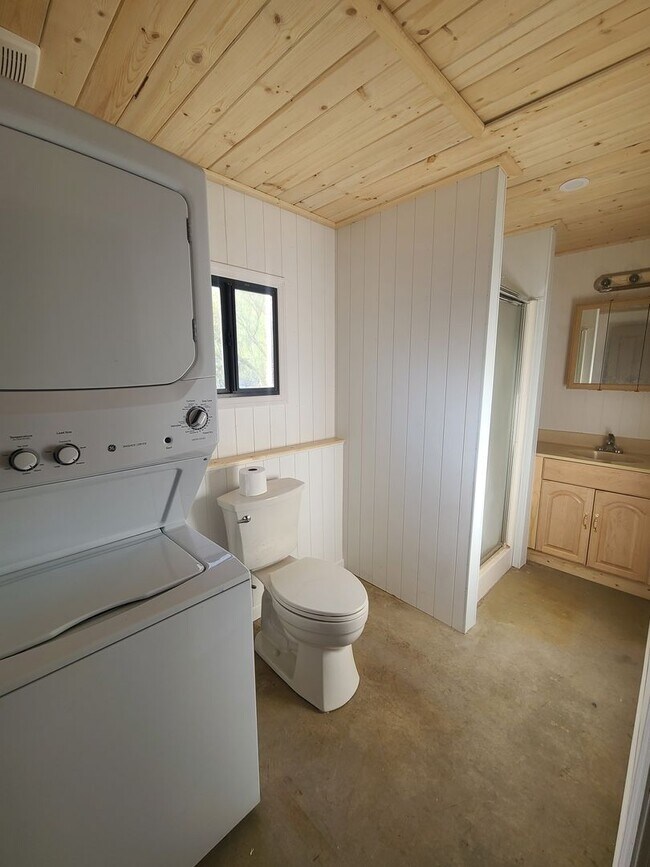 Building Photo - $500 OFF! NEWLY RENOVATED STUDIO W/ WASHER...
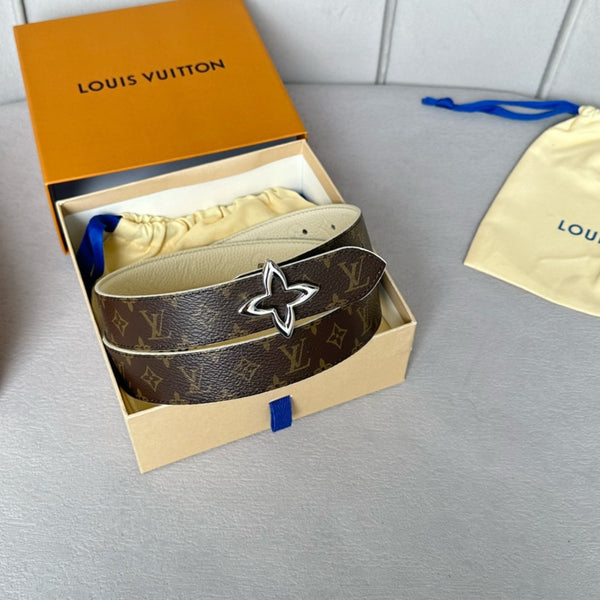 CINTURA REVERSIBILE LV MINI FLOWERGRAM 30MM IN PELLE DI VITELLO GOFFRATA BIANCA CON FERRAMENTA IN ARGENTO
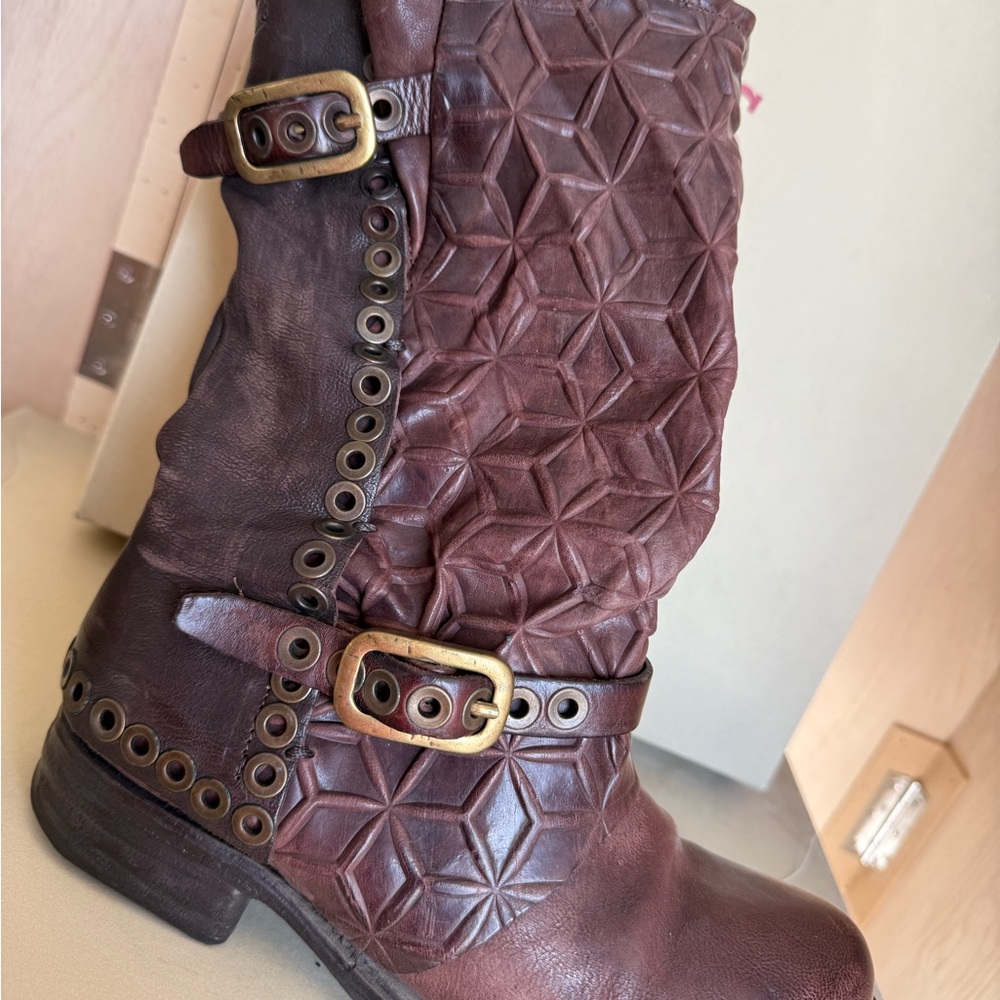 AS 98 STOCKTON Motorcycle Boots Cognac Brown/Brass hardware.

DESCRIPTION OF THE TASK -> Transcribe, please, the lines from the one holding "CINTURA REVERSIBILE LV" to the final line of the material, both included, exactly and with no extra lines, and skip the pictures.

ANSWER SECTION ->
 CINTURA REVERSIBILE LV MINI FLOWERGRAM 30MM IN PELLE DI VITELLO GOFFRATA BIANCA CON FERRAMENTA IN ARGENTO
 AS 98 STOCKTON Motorcycle Boots Cognac Brown/Brass hardware.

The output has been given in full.